Once again, the Helms-Burton Act punishes foreign companies investing simultaneously in the US and Cuba. Put simply, this legislation is a full-frontal attack on the sovereignty of other nations. Its extra-territorial effect is especially nasty and has been criticised by major trading partners and is of dubious constitutional validity.

Numerous lawsuits under Title III of the Helms-Burton Act have been brought in US courts of law. The majority of those suits have been either entirely unsuccessful or only partly successful. For the most part, the suits being brought under Title III are aimed at more reachable US companies, as opposed to foreign companies.

Nevertheless, the mere existence of the legislation evokes fear of reprisals and recriminations and often achieves the sought-after objectives of tightening the screws on Cuba.

Title IV of the Helms-Burton Law requires the denial of visas to, and the exclusion from the US, of any person who, after March 12, 1996, confiscates or “trafficks” in confiscated property in Cuba claimed by any US national.

German companies Sartorious and Merck and US corporation Cytiva — all providers of laboratory and medical supplies — stopped selling laboratory material, reagents and other supplies to Cuba last year, because they feared reprisals from the US government.

COVID-19

The actions of the German companies prevented Cuba from obtaining purification equipment, filtration tanks, thiomersal (an anti-fungal antiseptic agent) and other supplies, as it developed its COVID-19 vaccines.

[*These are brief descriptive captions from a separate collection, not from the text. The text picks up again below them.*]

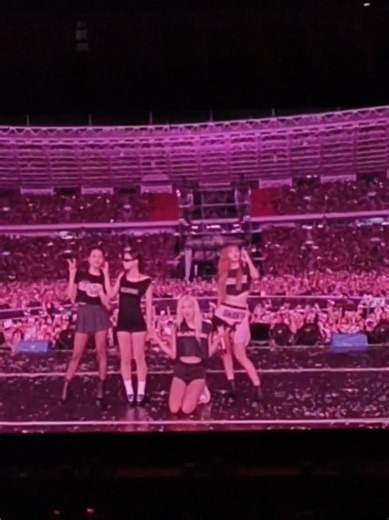 akhirnyaa kesampaian liat cewek2 akuuu😭 see u again uri nunaaaa✨🧚‍♀️❤💫 #blackpink #deadline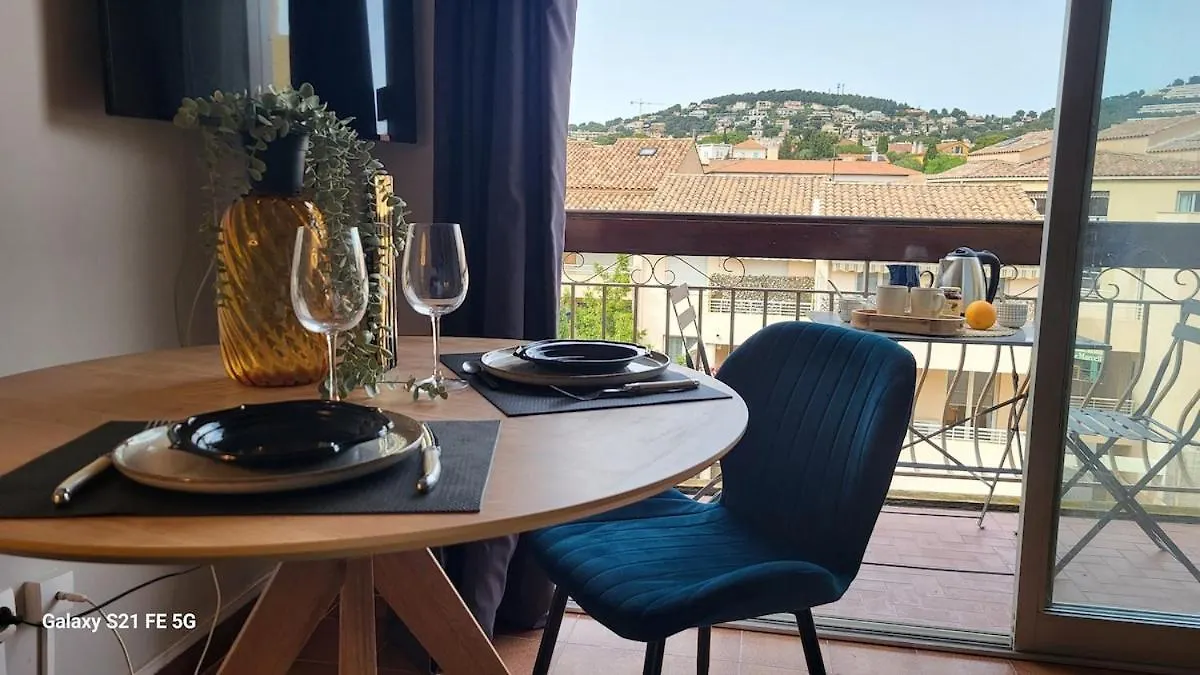 Joli Studio 2 Pas Du Port, Clim Et Au Calme Bandol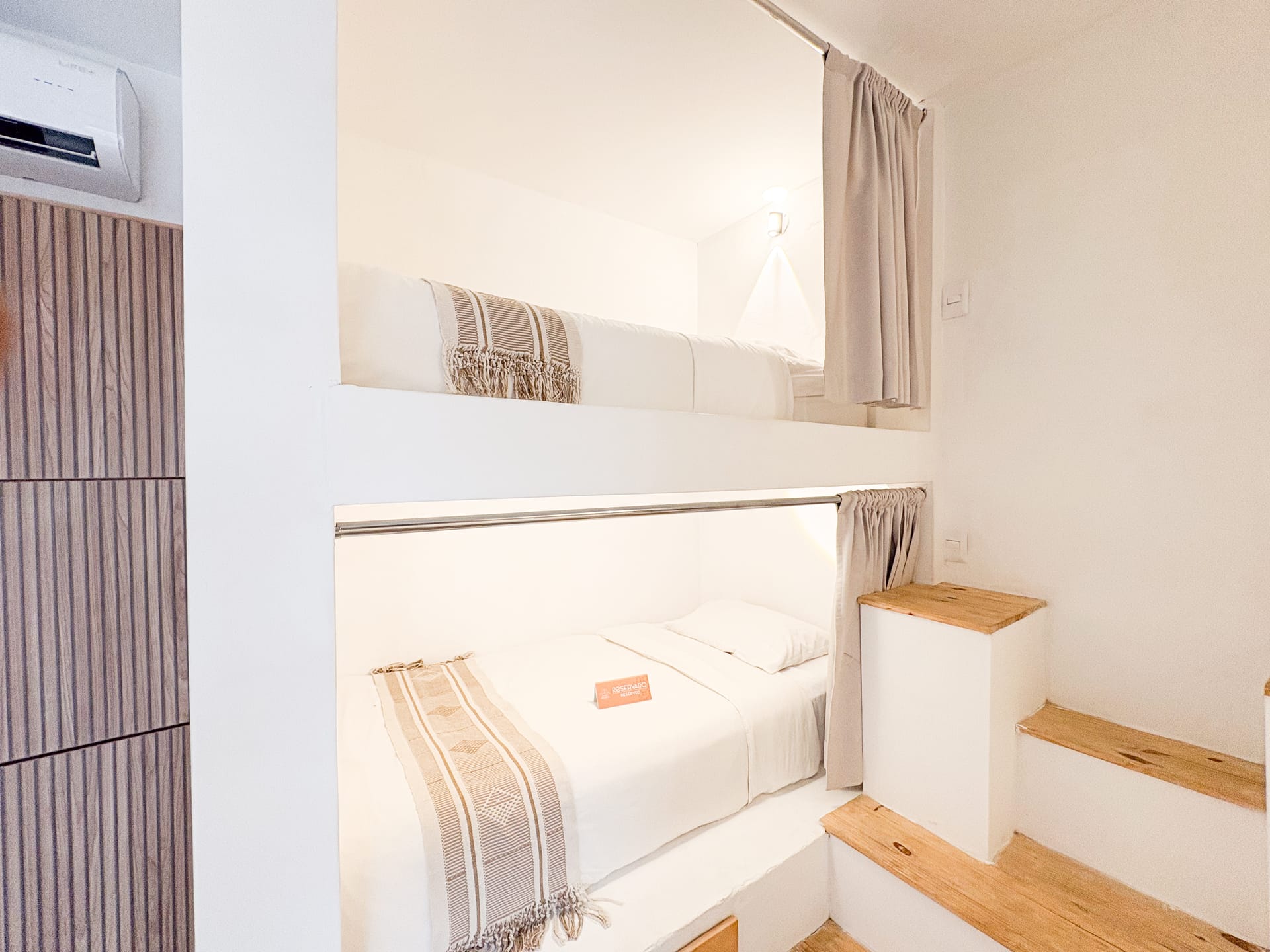 Habitación Femenina 8 camas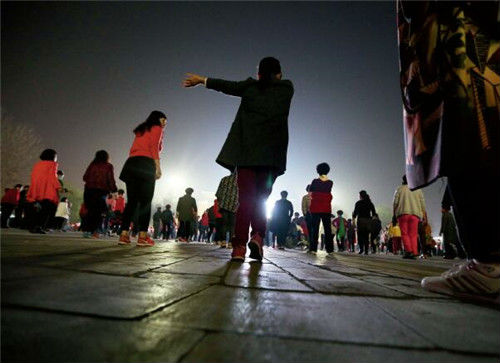 41 2017年4月6日，河北雄安新区雄县。图为当地居民在雄县政府广场跳广场舞。视觉中国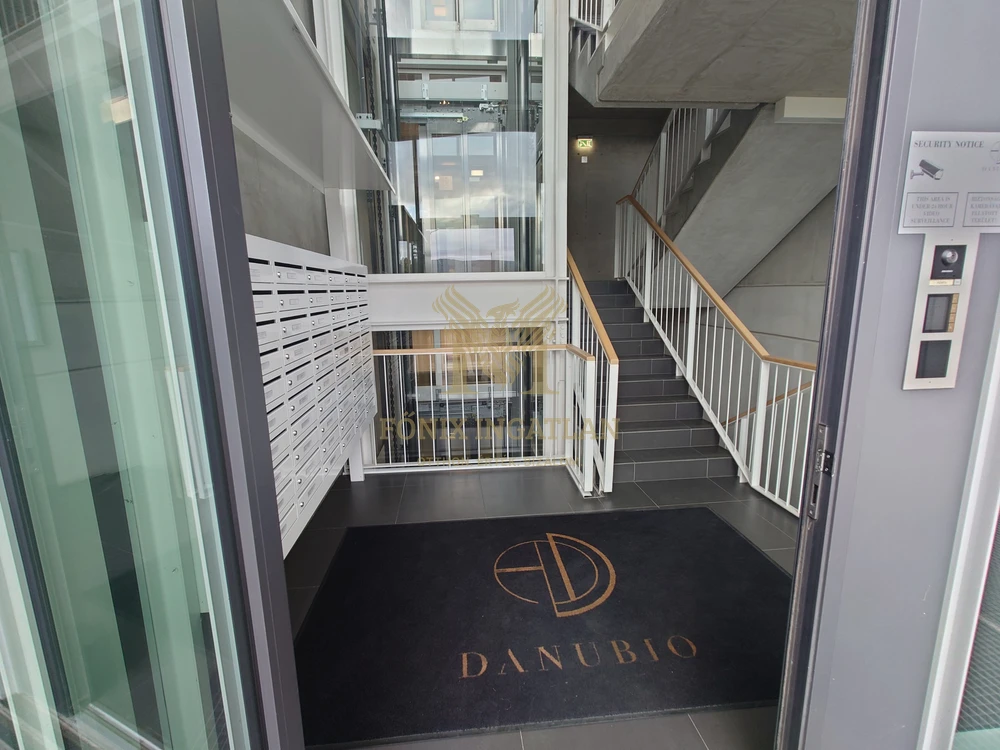 Ritka ajánlat a DANUBIO-ban – kertkapcsolatos luxuslakás a Foka‑öböl és a Duna-part mellett, személyre szabottan berendezhető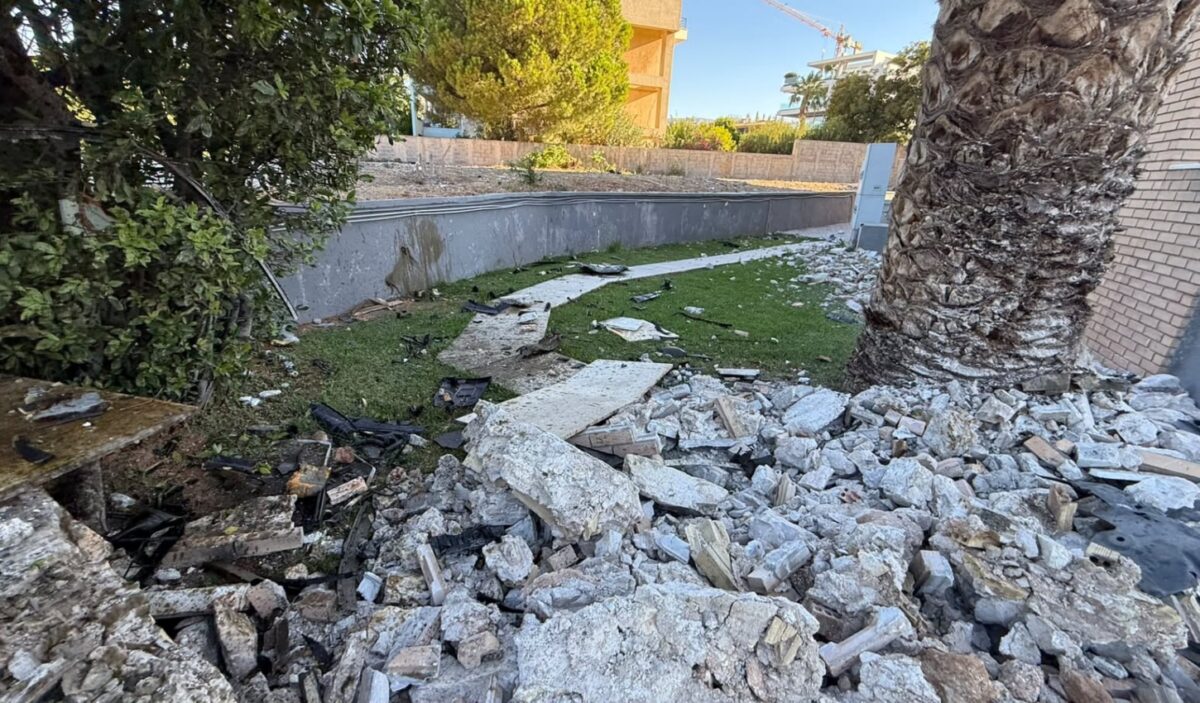 Τροχαίο στην Ποσειδώνος με τους 3 νεκρούς: «Ακούστηκε φρενάρισμα και ένα μπαμ – Η μηχανή του οχήματος είχε αποκολληθεί και καιγόταν»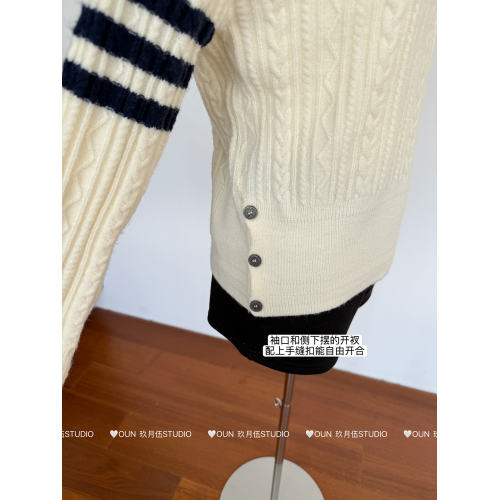 玖月伍 利玆新貴 翻領設計三條杠麻花套頭毛衣女正肩針織短上衣 玖月伍 利玆新貴 翻領設計三條杠麻花套頭毛衣女正肩針織短上衣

Cuba somehow managed without the supplies from Germany, but it hasn’t been easy. Cuba, which has a population of about 11.33 million, has developed several COVID-19 vaccines and has so far managed to immunise about 2 million of its inhabitants.

However, syringes are in short supply, with a deficit of some 25 million.

Trump imposed additional sanctions on Cuba, about 55 of which were implemented during the pandemic emergency. For example, more than 2 million masks, 40,000 rapid diagnostic kits and 104 ventilators donated by the Alibaba Foundation were blocked.

Fortunately, humanitarian aid organisations in Europe, South America, Central America, and even in the US, have come to the aid of Cuba, launching fundraising campaigns to buy syringes and have them shipped to Cuba.

Even Cubans living abroad have rallied to the assistance of their homeland. A caravan against the US embargo collected donations in May in Miami — a city renowned for the presence of many ultra-right-wing Cuban Americans who are in favour of regime change.

The response to the severe shortage of syringes has been extremely positive, giving hope that, despite the uncharitable and unethical actions of the US Congress and government, the humanitarian spirit of charity, goodwill and assistance can win out in the end.